= Beginning of Section =
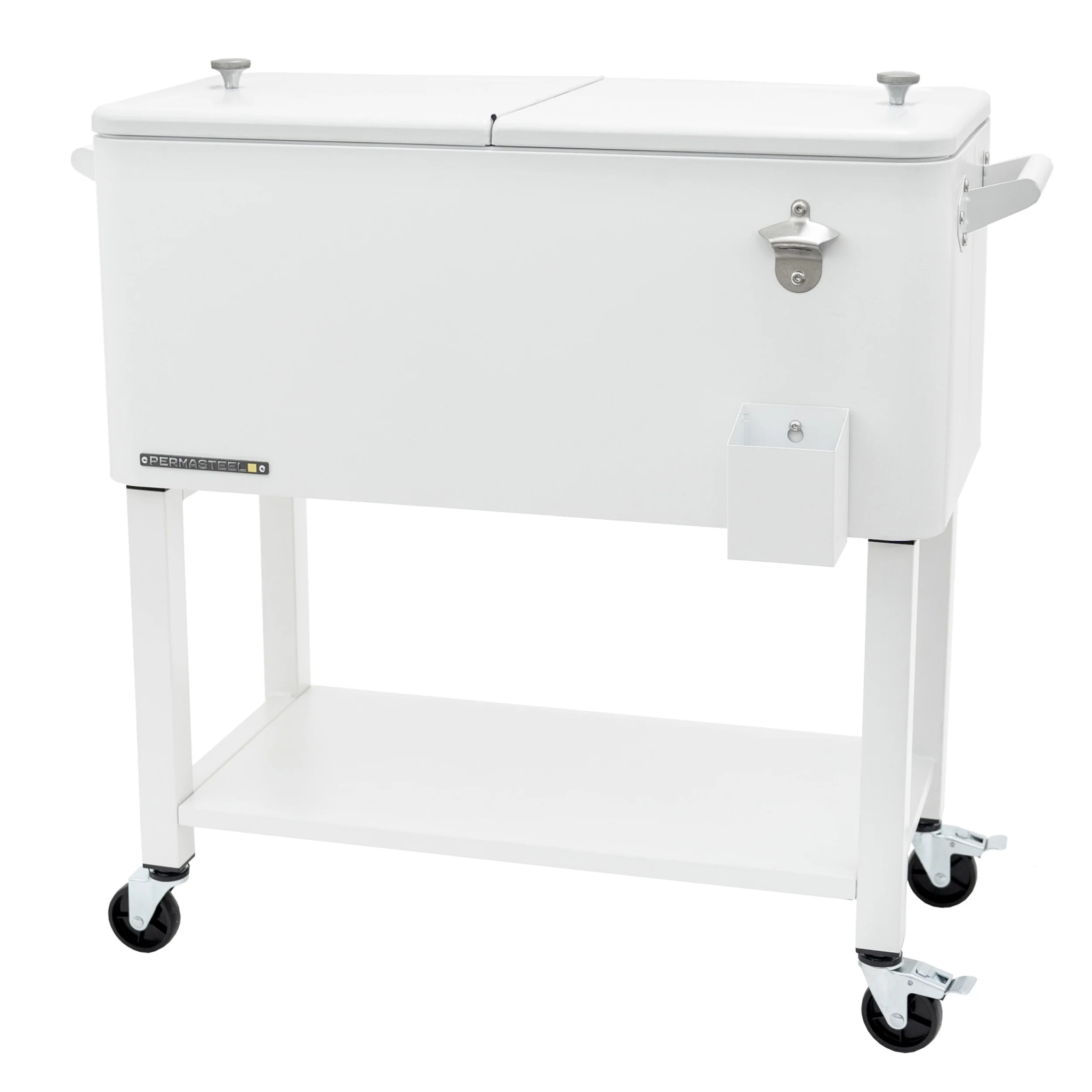 Permasteel 80-Qt Outdoor Steel Patio Cooler with Removable Basin, Rolling Cooler with Wheels, Teal Green - Image 53
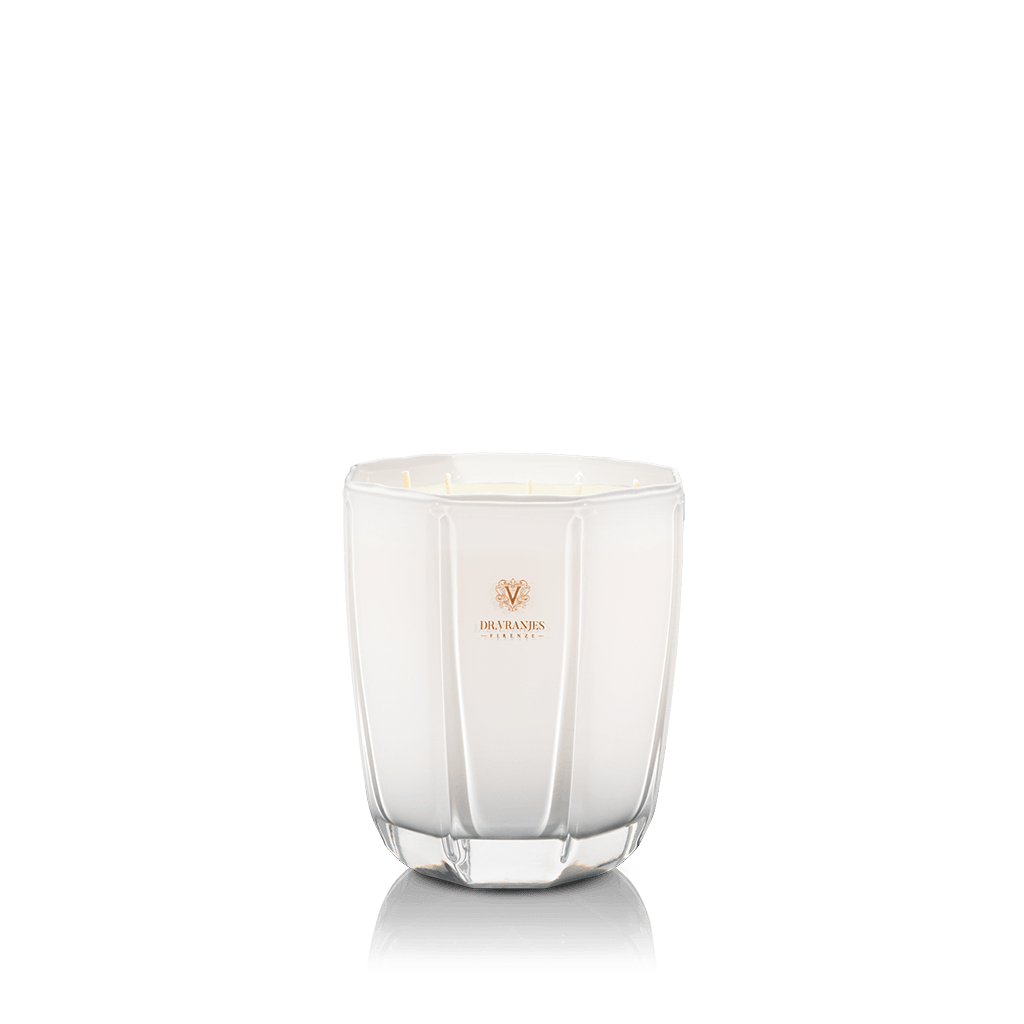 Eclectic Dr Vranjes Ginger Lime scented candle in a pearl-coloured glass vase with a refined, elegant design.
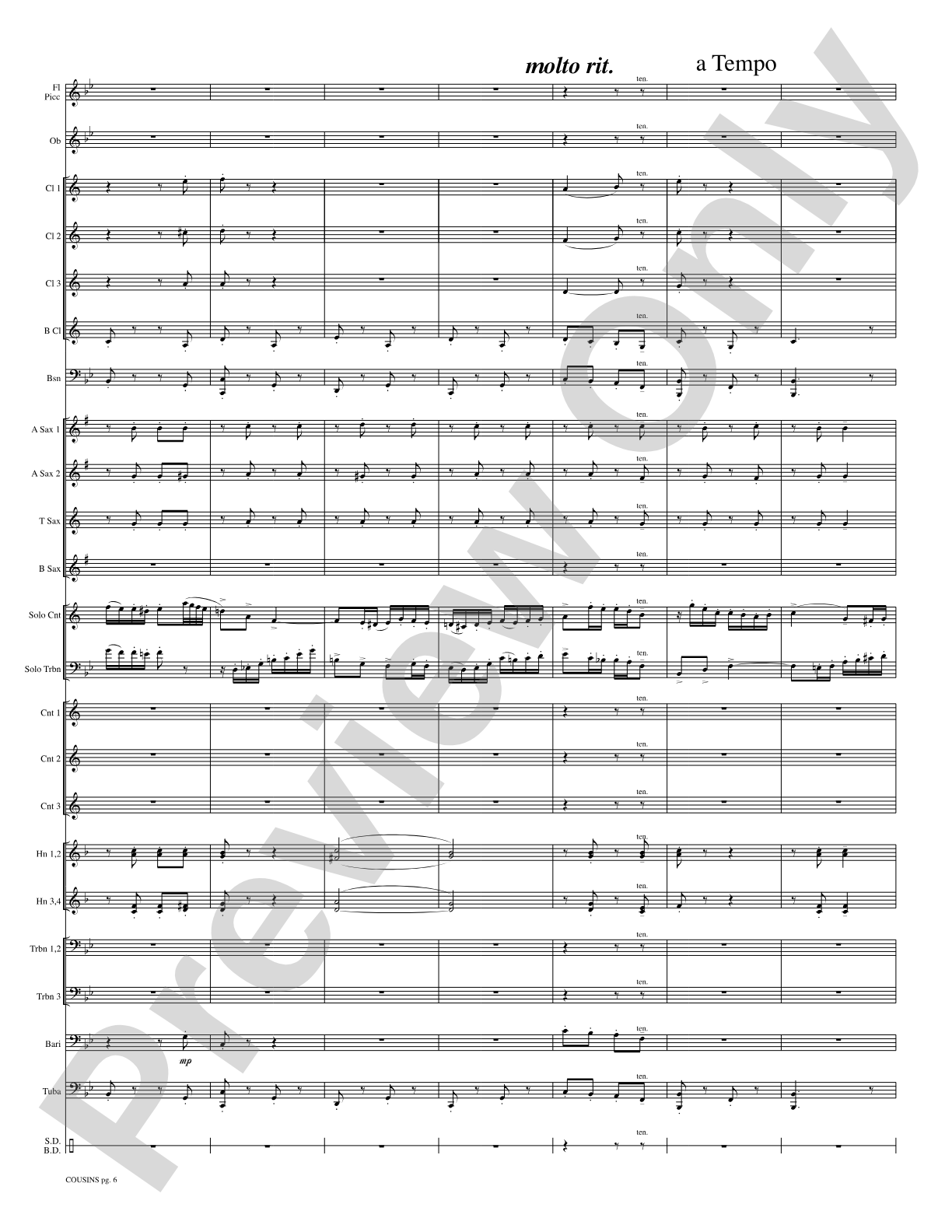 Cousins (Cornet and Trombone Duet and Concert Band): Concert Band Conductor Score & Parts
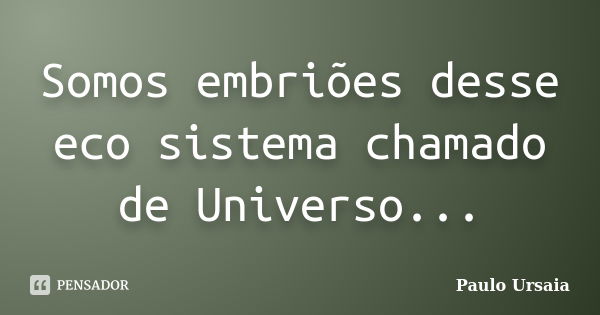 Somos embriões desse eco sistema chamado de Universo...... Frase de Paulo Ursaia.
= End of Section =
**Goal of the exercise:**
Copy only what lies between the start of the listing above and the line containing "Cousins (Cornet and", inclusive of both ends, exactly as written, and drop the pictures.

**Response below:**
 Permasteel 80-Qt Outdoor Steel Patio Cooler with Removable Basin, Rolling Cooler with Wheels, Teal Green - Image 53
 Eclectic Dr Vranjes Ginger Lime scented candle in a pearl-coloured glass vase with a refined, elegant design.
 Cousins (Cornet and Trombone Duet and Concert Band): Concert Band Conductor Score & Parts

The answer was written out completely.